Provided material:
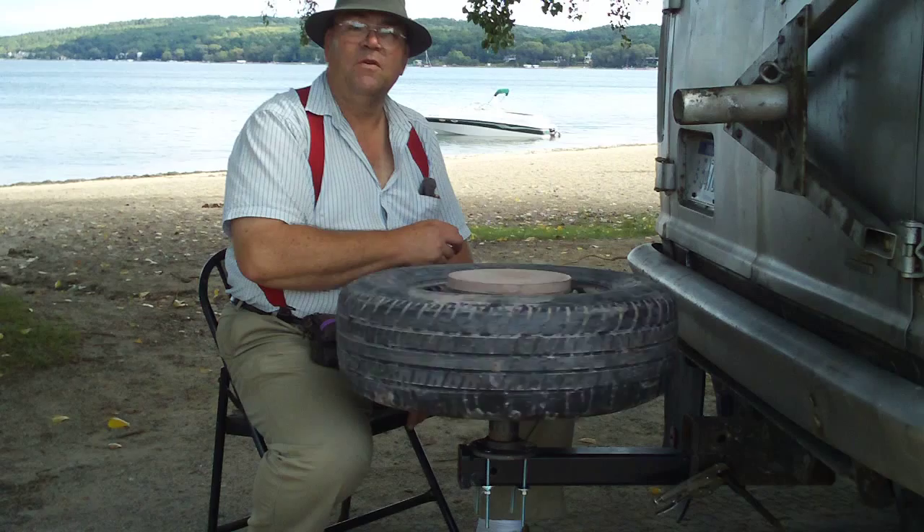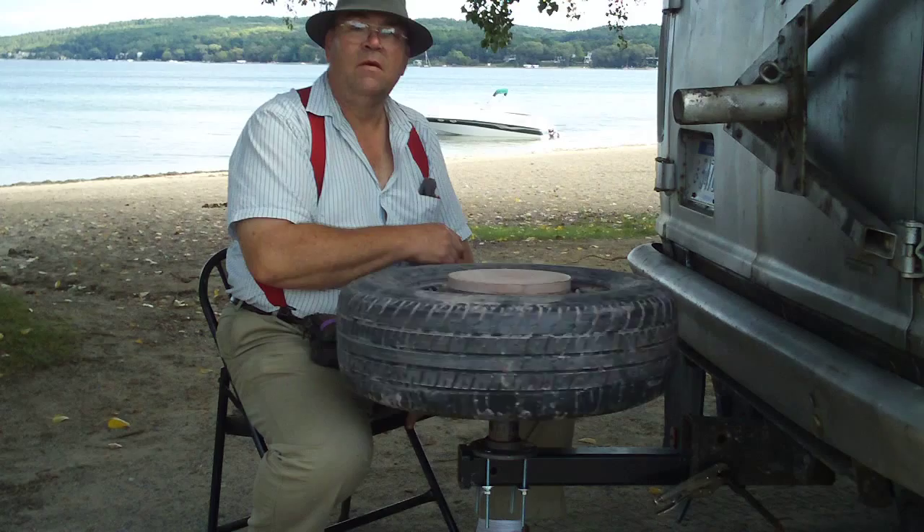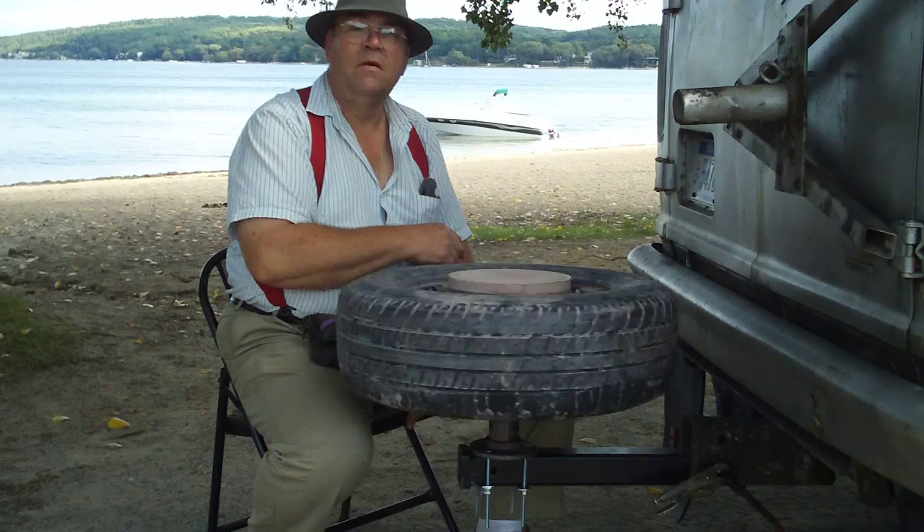My kiln is just about a mile away from here, so I don't have to go very far with the greenware. Of course I've got a van to put it in. Maybe you can use this idea yourself — I hope so. Thanks for watching. That's all for now.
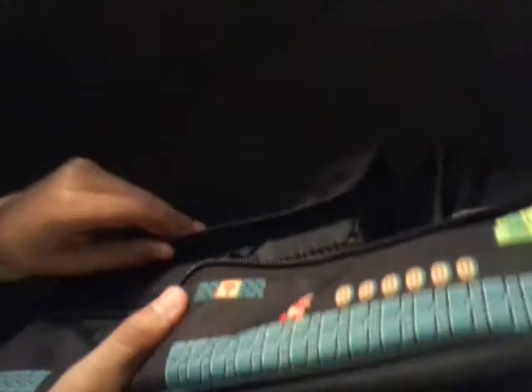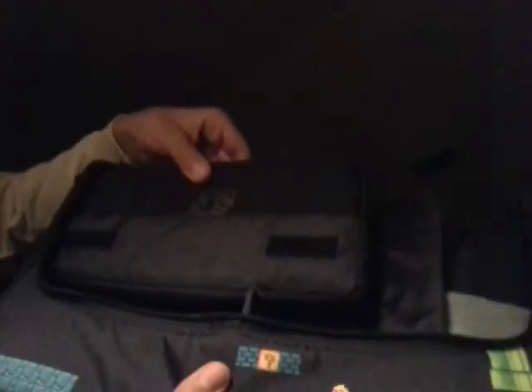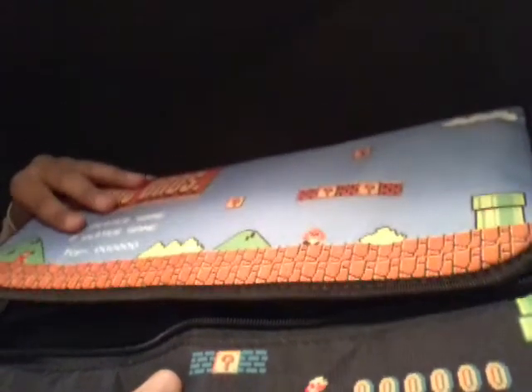For your Switch, it has the protection of this layer, this one, and then the protection of the case. So it's basically three layers of protection. Let me quickly get my Switch so I can put it in the case here — see how it fits.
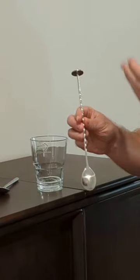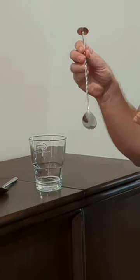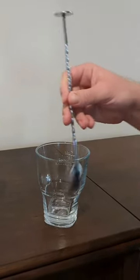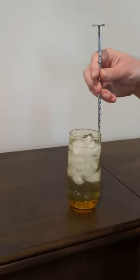A good quality bar spoon has both the length to get into really tall glasses but also a spiral handle so that when you stir you can do so in a really smooth way. The best way to stir is to try and keep the back of the spoon against the side of the glass to get a nice smooth stir.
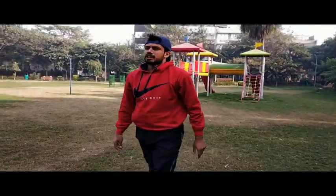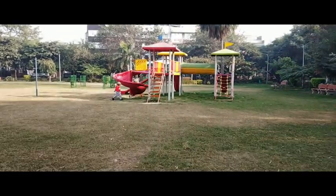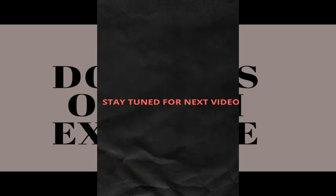I will suggest that you should give one hour to your body every day. Hope you liked the exercises. If you like the video, like it and share it. Thank you for watching today, and subscribe to the channel. Thank you.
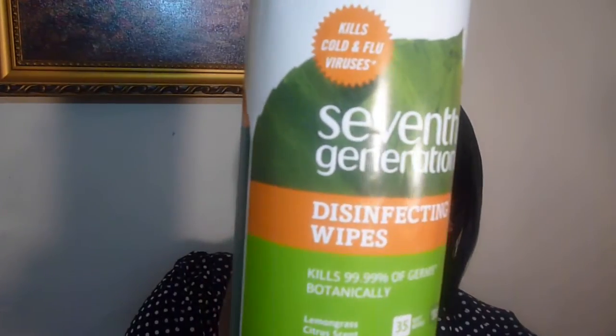Hello ladies and gentlemen. I have a very quick review that I'm going to show you and it's a product. I think I used one thing from their product line and it's 7th Generation disinfecting wipes. I believe I had a coupon or something and I bought this and I said I was going to try it and see whether I really like this product.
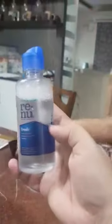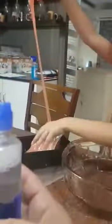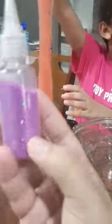It's non-toxic as you can see. It's child safe. And then we mixed it up and added 1 teaspoon of lens solution while kneading it like dough. And we kept kneading it until it came to this consistency.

Exercise aim: Give the complete material again, exactly as written. Do not include the pictures.

Task answer:
My kiln is just about a mile away from here, so I don't have to go very far with the greenware. Of course I've got a van to put it in. Maybe you can use this idea yourself — I hope so. Thanks for watching. That's all for now.
For your Switch, it has the protection of this layer, this one, and then the protection of the case. So it's basically three layers of protection. Let me quickly get my Switch so I can put it in the case here — see how it fits.
A good quality bar spoon has both the length to get into really tall glasses but also a spiral handle so that when you stir you can do so in a really smooth way. The best way to stir is to try and keep the back of the spoon against the side of the glass to get a nice smooth stir.
I will suggest that you should give one hour to your body every day. Hope you liked the exercises. If you like the video, like it and share it. Thank you for watching today, and subscribe to the channel. Thank you.
Hello ladies and gentlemen. I have a very quick review that I'm going to show you and it's a product. I think I used one thing from their product line and it's 7th Generation disinfecting wipes. I believe I had a coupon or something and I bought this and I said I was going to try it and see whether I really like this product.
It's non-toxic as you can see. It's child safe. And then we mixed it up and added 1 teaspoon of lens solution while kneading it like dough. And we kept kneading it until it came to this consistency.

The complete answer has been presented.